2.1. Collection of Data
Anniston, Alabama, is located approximately 60 miles east of Birmingham and 90 miles west of Atlanta. It is a community of about 23,000 people and is situated in Calhoun County. The specific areas of interest are residential neighborhoods near 23 former and currently operating foundries, highways, and major railroads in the study area, as shown in
Figure 1. Information on physical variables and soil Pb levels is collected from several data sources. A database of soil samples collected from 2000 to 2008 in Anniston was obtained from the US EPA that includes measurement of Pb levels at 9365 sample locations from residential properties. Multiple lead measurements were taken from the upper 3 inches of soil in each location and reported in parts per million (ppm or mg/kg). Pb levels were measured by US EPA method 3050/6010/6020 (ICP-MS: Inductively coupled plasma-mass spectrometry) [
31]. All soil samples had Pb levels above the matrix specific level of quantification, which ranged from 0.5 to 7 ppm.
The latitude and longitude coordinates contained in the database are used to convert the database into a spatial database. To produce a reliable analysis of lead concentrations, the average concentration is computed for each residential property. This process results in averaged soil lead levels at a total of 2717 residential properties.
Two data sources, Digital Elevation Model (DEM) and Soil Survey Geographic Database (SSURGO), are used to extract some of the physical variables shown in
Table 1. Our initial choice of physical variables included those related to distance from 23 foundries within the study region, distance from roads (highways), distance from railroads, distance from ditches, and distance from each stream order, slope, and soil type. Streams are classified in order of first through to ninth; stream order 1 is the smallest of streams and consists of small tributaries while stream order 9 is considered a river. Slope position is divided into six categories; position 1 indicates locations high on the slope, and position 6 indicates locations near the bottom of the slope. All distance measurements are in meters and fourteen soil texture types are summarized in
Table 1. Soil type is also classified into runoff categories (high, medium and low), into three soil hydrology classes (B: silt loam, C: sandy clay loam, D: clay loam) and into four drainage categories (well, somewhat well, moderate, poor). The final merged dataset that is prepared for further regression analyses contained values of these physical variables for soil sample locations.

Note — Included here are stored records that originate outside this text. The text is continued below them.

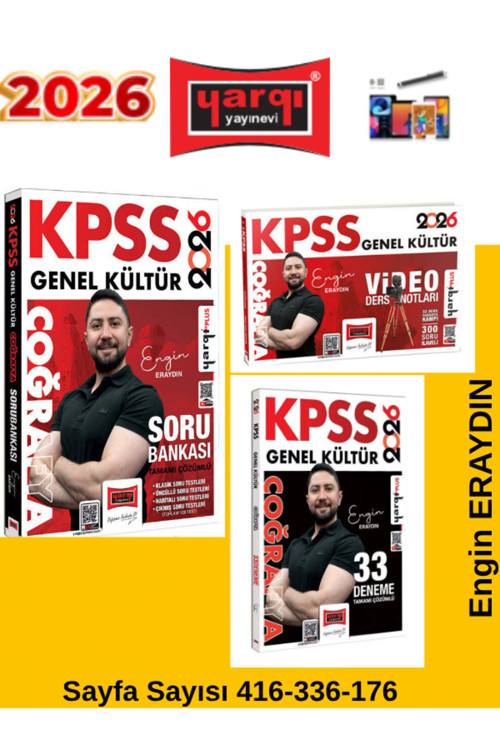 Yargı 2026 Kpss Genel Kültür Coğrafya Video Ders Notları-Soru Bankası - 33 Deneme -Seti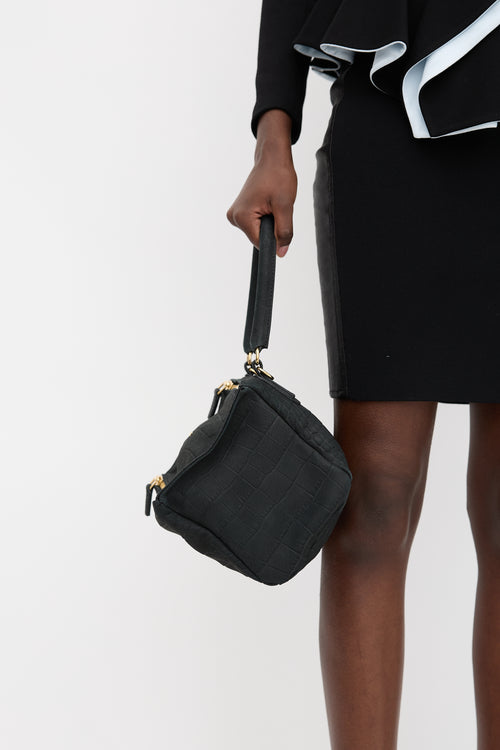 Givenchy 2019 Embossed Suede Small Pandora Bag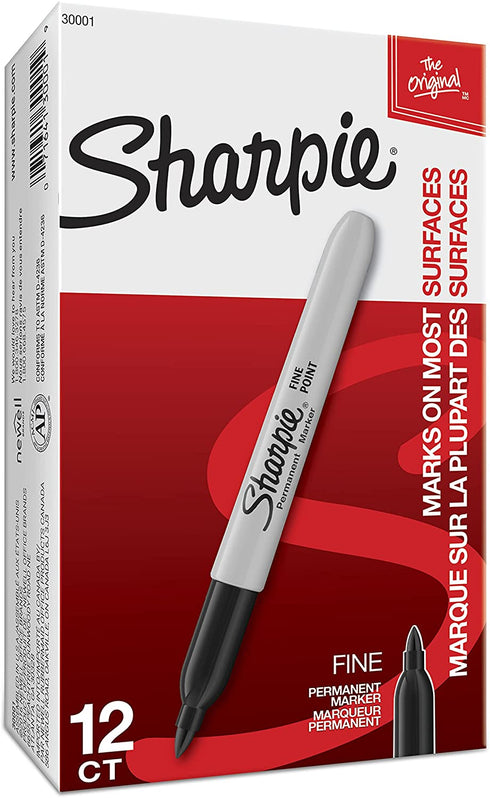 Sharpie Permanent Markers, Fine Point, Black, 12 Count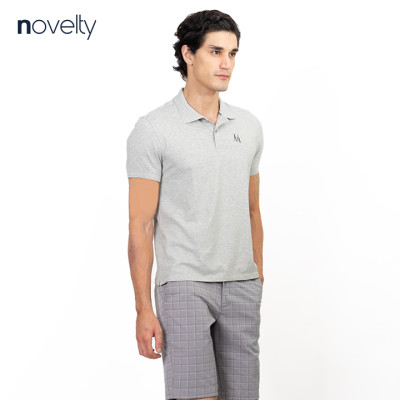 Áo thun Polo trơn màu xám nhạt in họa tiết ngực NOVELTY 191166N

Because we are also interested in the socioeconomic and demographic characteristics of the residents living in areas with higher soil lead concentrations, socioeconomic and demographic profiles are extracted from the US EPA and US Bureau of the Census 2010 census block (smallest geographic unit used by the US Census) and block group (a geographic unit between the Census Tract and the Census Block) level data as shown in
Table 2. The Census dataset provides population counts and percentages by race, gender, age, household family, housing unit, education, and income for each of the 4358 census blocks and 87 census-block groups that had recorded populations and percentages. Age is collapsed into the following seven age groups; 0–9, 10–19, 20–29, 30–39, 40–49, 50–64 and 65+. Education level is divided into four categories: no education, elementary school education, high school education, and college or graduate school education. Similarly, the Census dataset includes household family characteristics (average household size, average family size and percent family household), housing unit (occupied housing unit, renter occupied housing unit, housing units built before 1970 and others), employment (labor force and employed labor force), and income (median income and poverty level). We then determine which census block or block-group each soil sample belonged to and then assigned its socioeconomic and demographic profiles to the soil sample for further regression analyses.
2.2. Regression Analyses
Pollution hazard intensity is modelled at the individual soil lead sample through linear regression on physical and socioeconomic profiles identified during the review of the literature. Ordinary least squares (OLS) stepwise regressions are estimated to find independent variables that are statistically significant in each model at the 0.05 significance level for entry and 0.10 for removal. Results are further checked for multicollinearity based on the variance inflation factor (VIF), where one of the variables concerned is dropped from further consideration. Because the distribution of lead concentrations is markedly skewed, with many small values and a small number of large values as shown in
Figure 2, we use a logarithmic transformation of concentration as the dependent variable. Hence our initial equation is:
where lead is the observed concentration in mg/kg, and the
x’s represent independent variables, while the
b’s represent coefficients for each independent variable.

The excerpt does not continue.